Caption-style text data
******************************

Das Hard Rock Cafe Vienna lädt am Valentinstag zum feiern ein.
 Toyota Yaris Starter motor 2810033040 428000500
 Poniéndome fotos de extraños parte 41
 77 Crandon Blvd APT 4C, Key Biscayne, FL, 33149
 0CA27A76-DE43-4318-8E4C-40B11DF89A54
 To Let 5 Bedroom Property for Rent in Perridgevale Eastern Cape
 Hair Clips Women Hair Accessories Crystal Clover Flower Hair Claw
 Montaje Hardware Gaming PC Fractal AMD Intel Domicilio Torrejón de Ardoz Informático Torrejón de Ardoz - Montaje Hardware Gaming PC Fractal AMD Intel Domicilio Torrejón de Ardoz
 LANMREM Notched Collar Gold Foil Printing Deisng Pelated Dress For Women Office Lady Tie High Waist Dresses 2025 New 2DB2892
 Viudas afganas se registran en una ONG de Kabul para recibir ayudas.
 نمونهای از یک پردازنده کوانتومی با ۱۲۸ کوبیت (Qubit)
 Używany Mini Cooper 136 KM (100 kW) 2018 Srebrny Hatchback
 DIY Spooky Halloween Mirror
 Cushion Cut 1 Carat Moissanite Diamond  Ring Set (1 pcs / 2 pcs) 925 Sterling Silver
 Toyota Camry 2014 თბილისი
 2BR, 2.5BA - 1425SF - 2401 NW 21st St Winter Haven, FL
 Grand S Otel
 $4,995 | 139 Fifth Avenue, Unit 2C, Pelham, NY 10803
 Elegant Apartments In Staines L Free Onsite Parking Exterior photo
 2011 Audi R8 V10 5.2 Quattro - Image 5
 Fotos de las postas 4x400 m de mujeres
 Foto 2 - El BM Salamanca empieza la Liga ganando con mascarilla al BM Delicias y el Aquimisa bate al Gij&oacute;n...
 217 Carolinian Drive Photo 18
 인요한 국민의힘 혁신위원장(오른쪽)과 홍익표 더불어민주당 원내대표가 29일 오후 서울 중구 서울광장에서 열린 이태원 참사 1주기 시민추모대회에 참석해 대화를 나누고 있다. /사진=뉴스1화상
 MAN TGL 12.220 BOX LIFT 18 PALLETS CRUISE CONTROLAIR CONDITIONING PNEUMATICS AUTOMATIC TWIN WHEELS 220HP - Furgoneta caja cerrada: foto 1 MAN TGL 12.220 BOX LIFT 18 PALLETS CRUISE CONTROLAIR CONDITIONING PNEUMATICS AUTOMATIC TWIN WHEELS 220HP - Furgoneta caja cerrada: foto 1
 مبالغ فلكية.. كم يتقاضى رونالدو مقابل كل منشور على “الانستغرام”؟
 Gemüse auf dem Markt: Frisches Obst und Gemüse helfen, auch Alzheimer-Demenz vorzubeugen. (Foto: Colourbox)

******************************

> **What to do**:
Would you copy out exactly the lines from the one holding "مبالغ فلكية.. كم" through the end of the entries above, both ends included?

> **Solution for this task**:
 مبالغ فلكية.. كم يتقاضى رونالدو مقابل كل منشور على “الانستغرام”؟
 Gemüse auf dem Markt: Frisches Obst und Gemüse helfen, auch Alzheimer-Demenz vorzubeugen. (Foto: Colourbox)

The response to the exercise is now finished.